If the processor goofs up the instructions that its supposed to execute, how does it recover gracefully?
The "robustification" of software, as he calls it, involves re-writing it so an error simply causes the execution of instructions to take longer.
Ooh, this is tricky. So we can reduce CPU power consumption by a certain amount if we rewrite software in such a way that it can slowly roll over errors when they take place. There are some crude numbers in the document: a 1% error rate, whatever that means, causes a 23% drop in power consumption. What if the `robustification' of software means that it has an extra "check" instruction for every three "real" instructions? Now you're back to where you started, but you had to rewrite your software to get here. I know, it's unfair to compare his proven reduction in power consumption with my imaginary ratio of "check" instructions to "real" instructions, but my point still stands. This system may very well move the burden of error correction from the hardware to the software in such a way that there is no net gain.
What he is proposing is to reduce the number of transistors on a chip, to increase its speed and reduce power usage.
So in fact he is trying to reverse more's law.
Ethernet is an improvement over than token ring, yet Ethernet has collisions and token ring doesn't.
Token ring avoids collisions, Ethernet accepts collisions will take place but has a good error recovery system.
He favors a new architecture, that he calls the 'stochastic processor,' which is designed to handle data corruption and error recovery gracefully.
I dub thee neuron.
Shai Schticks:"You don't make peace with friends, you make peace with enemies"
...the problem is software. In the last twenty years, we've gone from machines running at a few MHz to multicore, multi-CPU machines with clock speeds in the GHz, with corresponding increases in memory capacity and other resources. While the hardware has improved by several orders of magnitude, the same has largely not been true of software. With the exception of games and some media software, which actually require and can use all the hardware you can throw at them, end user software that does very little more than it did twenty years ago could not even run on a machine from 1990, much less run usably fast. I'm not talking enterprise database software here, I'm talking about spreadsheets and word processors.
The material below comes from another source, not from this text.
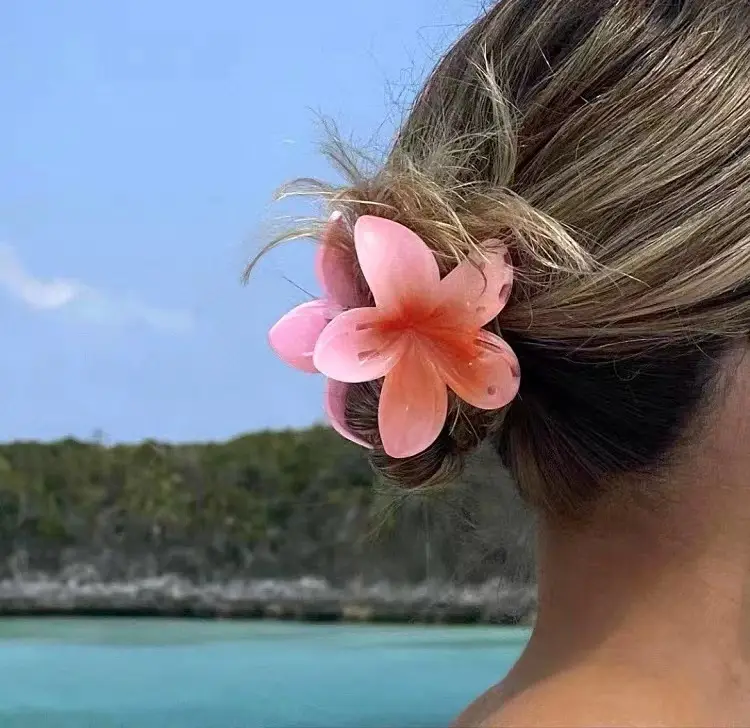 Golden 4-Leg Clover Hairpin for Women — feature 29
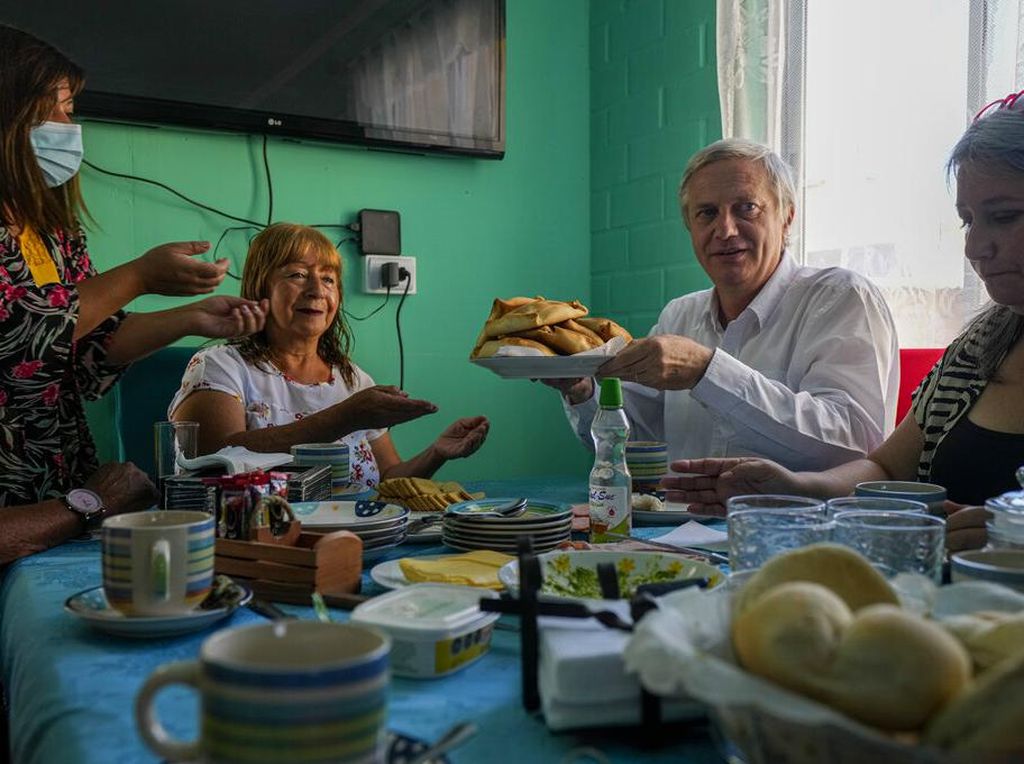 Gaya Capres Chili, Sarapan Bersama di Rumah Warga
All of the gains we make in hardware are eaten up as fast or faster than they are produced by two main consumers: useless eye-candy for end users, and higher and higher-level programming languages and tools that make it possible for developers to build increasingly inefficient and resource-hungry applications faster than before. And yes, I realize that there are irresistible market forces at work here, but that only applies to commercial software; for the FOSS world, it's a tremendous lost opportunity that appears to have been driven by little more than a desire to emulate corporate software development, which many FOSS developers admire for reasons known only to them and God.
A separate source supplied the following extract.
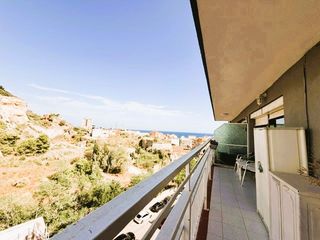 Appartement  Carretera de tiana. Piso alto con mucha luz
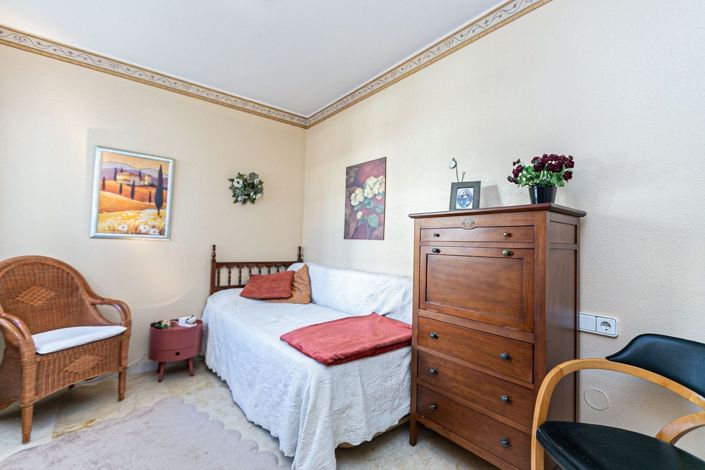 Image No.21-2 Bed Apartment for sale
It really doesn't matter how powerful the hardware becomes. For specialist applications, it's still a help. But for the average user, an increase in processor speed and memory simply means that their 25 meg printer drivers will become 100 meg printer drivers and their operating system will demand another gig of RAM and all their new clock cycles. Anything that's left will be spent on menus that fade in and out and buttons that look like quivering drops of water -- perhaps next year, they'll have animated fish living inside them.
Proud member of the Weirdo-American community.
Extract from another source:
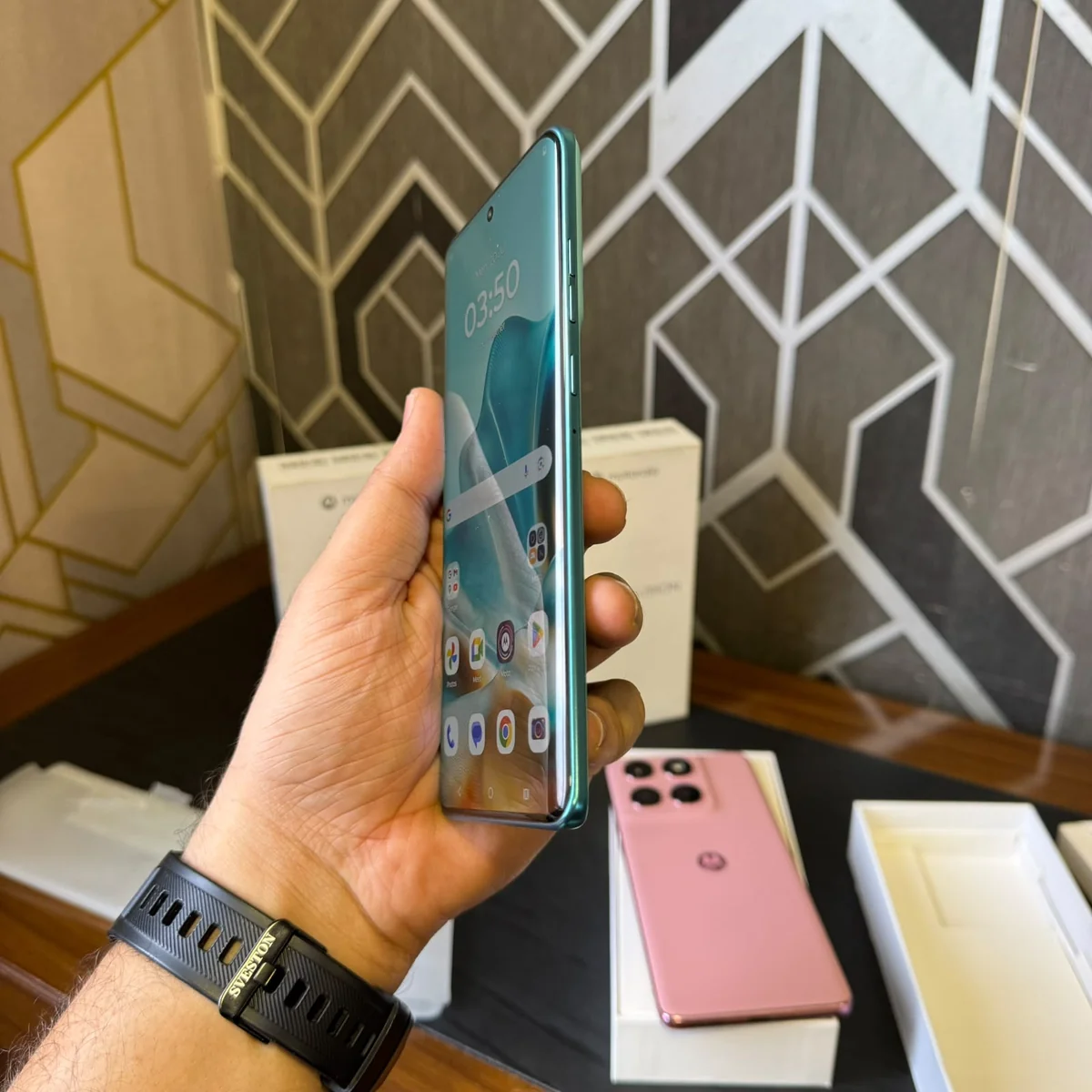 Motorola | Edge 60 Fusion | 256GB Storage | 12GB RAM | 6.7″ pOLED | Dimensity 7300 | 5200mAh Battery | Non PTA / Official PTA Approved | Mobile Phone - Image 7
Because the stochastic processor will be able to make mistakes much more quickly of course.
Don't you understand progress?
=-=-=-=-=-=-=-=-=-=-=-=-=-=-
Friends don't let friends enable ecmascript.
I've seen this before, except for an application that made more sense: GPUs. A GPU instruction is almost never critical. Errors writing pixel values will just result in minor static, and GPUs are actually far closer to needing this sort of thing. The highest-end GPUs draw far more power than the highest-end CPUs, and heating problems are far more common.
It may even improve results. If you lower the power by half for the least significant bit, and by a quarter for the next-least, you've cut power 3% for something invisible to humans. In fact, a slight variation in the rendering could make the end result look more like our flawed reality.
A GPU can mess up and not take down the whole computer. A CPU can. What happens when the error hits during a syscall? During bootup? While doing I/O?
What use is a blazing fast computer that is no longer reliable
Meh.. I'm pretty happy to have my brain, even if it makes some mistakes sometimes.
which is totally what she said
Ethernet has lower latency than token ring, and is over all easier to implement. However its bandwidth scaling is poor, when you are talking old school hub ethernet. The more devices you have, the less total throughput you get due to collisions. Eventually you can grind a segment to a complete halt because collisions are so frequent little data gets through.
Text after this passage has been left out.